# Laptop suddenly getting very hot



## aldiboronti (Apr 18, 2002)

This started a couple of days ago. I have a Packard Bell, 2.80 GHz, 512 MB RAM, running Windows XP. I bought it around 18 months ago.

Here's the problem. A couple of days ago the printer reported a communications failure with the computer. All the cables were seated OK so I shut down Windows and restarted to see if that would help. The computer wouldn't boot. Puzzled, I switched off and then I noticed that the side of the laptop was very warm. Checking underneath I found that the area above the battery cover was very, very hot, and this heat was radiating to other areas.
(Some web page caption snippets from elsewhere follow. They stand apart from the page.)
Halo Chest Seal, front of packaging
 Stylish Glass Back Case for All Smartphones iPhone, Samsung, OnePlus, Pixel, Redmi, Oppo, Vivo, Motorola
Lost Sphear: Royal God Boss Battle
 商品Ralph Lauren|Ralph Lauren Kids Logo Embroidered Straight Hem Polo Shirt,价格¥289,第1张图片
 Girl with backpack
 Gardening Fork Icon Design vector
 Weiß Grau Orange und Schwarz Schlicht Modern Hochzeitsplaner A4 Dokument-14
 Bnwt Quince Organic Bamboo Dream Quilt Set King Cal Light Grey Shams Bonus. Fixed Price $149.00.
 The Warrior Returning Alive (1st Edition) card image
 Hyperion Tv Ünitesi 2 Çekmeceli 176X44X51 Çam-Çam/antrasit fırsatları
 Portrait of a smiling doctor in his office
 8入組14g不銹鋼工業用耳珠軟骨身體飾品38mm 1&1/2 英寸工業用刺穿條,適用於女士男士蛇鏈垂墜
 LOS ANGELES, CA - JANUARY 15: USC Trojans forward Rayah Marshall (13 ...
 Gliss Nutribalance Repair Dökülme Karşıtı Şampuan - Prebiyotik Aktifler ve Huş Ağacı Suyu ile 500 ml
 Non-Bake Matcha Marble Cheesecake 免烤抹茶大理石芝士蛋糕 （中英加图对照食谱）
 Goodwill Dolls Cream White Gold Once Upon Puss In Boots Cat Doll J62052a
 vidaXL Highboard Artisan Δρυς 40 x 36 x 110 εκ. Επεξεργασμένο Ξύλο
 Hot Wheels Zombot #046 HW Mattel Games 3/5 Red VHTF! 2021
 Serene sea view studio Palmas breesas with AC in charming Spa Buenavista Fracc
I unplugged everything and left the laptop to cool down. After 30 minutes or so I tried again and this time it booted fine and ran smoothly. However, after around 40 minutes the same area as before had become very, very hot again. Worried, I shut the thing down again.

I have a couple of questions. Firstly, would a cooling device (I'm thinking of one of those pads on which a laptop sits to keep it cold), would such a device help?

Secondly, as the heat is centered on the battery area would removing the batteries be a solution? (The laptop is used on a tabletop at home almost exclusively and I operate it on mains power almost all the time.)

Thirdly, could it be a fan problem? I can hear the fans whirring occasionally, and looking through the vent I can't see any obvious signs of dirt, fluff, etc.

Any help would be greatly appreciated.


----------



## pugmug (Jun 13, 2005)

Yes to all three.


----------



## Alex Ethridge (Apr 10, 2000)

Just because you can't see it, doesn't mean it isn't clogged with dust. Frankly, I don't trust canned air. There isn't enough pressure or volume especially in cases where you can't see the fans and/or heat-sink. Go somewhere that has compressed air in a tank and blow it out.

As for the battery getting hot, if it is actually the battery and not anything else, you could have a disaster or even a tragedy waiting to happen. You had better take it to an authorized service center and find out for sure what is going on.

And, by the way, always lay the laptop on a hard surface, not a bed, couch, cushion or even your lap. They ventilate from the bottom and these surfaces occlude the ventilation ports.


----------



## kaligt55 (Jan 16, 2006)

oooooooooooops


----------



## kaligt55 (Jan 16, 2006)

That was my oops in the last post.
I have a duel fan for both laptops. does that stand true also. Put them on a flat surfaace even if they have the fan????


----------



## Alex Ethridge (Apr 10, 2000)

What good is a fan or even a dozen if the ports are blocked?

I don't think a laptop has been made without a fan in about ten years.


----------